Pohon Janadaru berada di sisi timur dan bersebelahan dengan Pasar Beringharjo, yang juga memiliki makna filosofis sebagai hubungan antarmanusia atau hubungan ‘habluminannas’.
Seluruh area Alun-Alun Utara dan Alun-Alun Selatan tertutup oleh pasir yang lembut. Namun, saat ini Alun-Alun Utara sudah dibatasi dan warga tidak diperbolehkan masuk, sementara Alun-Alun Selatan masih terbuka untuk umum.
Pasir tersebut memiliki makna sebagai lautan tak berpantai yang merupakan simbolisasi dari keagungan Tuhan. Oleh karena itu, makna yang terkandung dalam kedua alun-alun ini adalah “Manunggaling Kawula Gusti,” yang bermakna bersatunya raja dengan rakyat serta bertemunya manusia dengan Tuhannya.
Di Alun-Alun Utara sebenarnya terdapat 64 pohon beringin. Dua beringin berada di tengah-tengah alun-alun, dan 62 lainnya mengelilingi area tersebut. Angka 64 memiliki arti sebagai usia Rasulullah SAW ketika wafat dalam perhitungan Jawa.
Pohon-pohon ini bukanlah sembarang pohon, mereka memiliki berbagai kisah menarik yang menyertainya, seperti kisah pernikahan putri Hamengkubuwono I. Cerita yang berkembang di masyarakat Yogya tentang beringin kembar berusia ratusan tahun tersebut berasal dari zaman Sultan HB I.
Pada suatu masa, putri Sultan menolak pinangan seorang pemuda dengan cara meminta syarat yang sulit, yakni berjalan dengan mata tertutup dari pendopo di sebelah utara Alun-Alun Kidul, melewati sela-sela antara dua pohon beringin kembar, dan berakhir di pendopo di sebelah selatan alun-alun. Sang pemuda gagal dalam misinya, sehingga lamarannya ditolak.
Sultan HB I kemudian menyatakan bahwa yang bisa melewati beringin kembar dengan mata tertutup hanyalah pemuda yang memiliki hati yang bersih dan tulus. Akhirnya, seorang pemuda yang dikatakan sebagai putra Prabu Siliwangi berhasil melewati rintangan tersebut dan menikahi sang putri.

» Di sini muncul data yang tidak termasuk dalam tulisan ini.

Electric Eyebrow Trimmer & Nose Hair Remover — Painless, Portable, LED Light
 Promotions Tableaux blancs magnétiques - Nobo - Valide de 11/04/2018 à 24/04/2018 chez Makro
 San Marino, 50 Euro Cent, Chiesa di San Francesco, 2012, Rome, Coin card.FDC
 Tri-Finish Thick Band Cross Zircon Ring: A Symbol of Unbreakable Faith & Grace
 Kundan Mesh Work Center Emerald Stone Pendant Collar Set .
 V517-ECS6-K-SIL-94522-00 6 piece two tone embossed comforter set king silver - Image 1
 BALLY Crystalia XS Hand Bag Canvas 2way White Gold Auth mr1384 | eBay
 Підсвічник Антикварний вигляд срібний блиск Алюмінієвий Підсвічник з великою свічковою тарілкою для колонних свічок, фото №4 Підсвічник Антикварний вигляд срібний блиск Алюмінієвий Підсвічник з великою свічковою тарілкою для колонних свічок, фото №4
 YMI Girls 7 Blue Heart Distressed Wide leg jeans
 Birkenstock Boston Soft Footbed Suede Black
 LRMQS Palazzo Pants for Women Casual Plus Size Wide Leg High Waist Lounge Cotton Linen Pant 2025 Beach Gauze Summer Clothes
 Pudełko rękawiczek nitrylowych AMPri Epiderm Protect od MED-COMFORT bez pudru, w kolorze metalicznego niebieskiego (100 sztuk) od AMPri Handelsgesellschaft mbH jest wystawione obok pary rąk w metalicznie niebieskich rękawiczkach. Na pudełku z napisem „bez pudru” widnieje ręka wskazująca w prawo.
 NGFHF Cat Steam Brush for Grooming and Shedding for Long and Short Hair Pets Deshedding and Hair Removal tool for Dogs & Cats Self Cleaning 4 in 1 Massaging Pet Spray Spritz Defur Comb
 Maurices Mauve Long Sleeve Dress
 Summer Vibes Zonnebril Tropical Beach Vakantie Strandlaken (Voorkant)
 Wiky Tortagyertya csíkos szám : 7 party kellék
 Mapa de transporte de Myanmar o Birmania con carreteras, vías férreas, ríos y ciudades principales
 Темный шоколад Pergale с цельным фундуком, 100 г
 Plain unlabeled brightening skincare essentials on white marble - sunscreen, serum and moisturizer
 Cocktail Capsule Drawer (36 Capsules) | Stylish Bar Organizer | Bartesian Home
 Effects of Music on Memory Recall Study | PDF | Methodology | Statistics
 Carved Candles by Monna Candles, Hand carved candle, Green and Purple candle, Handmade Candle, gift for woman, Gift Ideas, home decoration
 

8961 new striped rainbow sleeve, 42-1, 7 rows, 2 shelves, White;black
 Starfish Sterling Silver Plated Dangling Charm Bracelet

Kepercayaan terhadap mitos ini terus berkembang di kalangan warga lokal pada masa Sultan HB VI. Diyakini secara umum bahwa Keraton Yogyakarta memiliki hubungan khusus dengan Ratu Pantai Selatan, Nyi Roro Kidul.
Oleh karena itu, berkembanglah keyakinan bahwa siapapun yang berniat buruk terhadap Keraton Yogyakarta akan kehilangan kesaktiannya setelah melewati beringin kembar.
Mitos ini menjadi legenda di kalangan masyarakat lokal, bahwa siapa pun yang bisa melewati sela-sela dua beringin kembar tersebut dengan mata tertutup, akan berhasil mewujudkan keinginannya. Oleh karena itu, hingga saat ini, banyak orang yang penasaran dan ingin mencoba membuktikan mitos tersebut.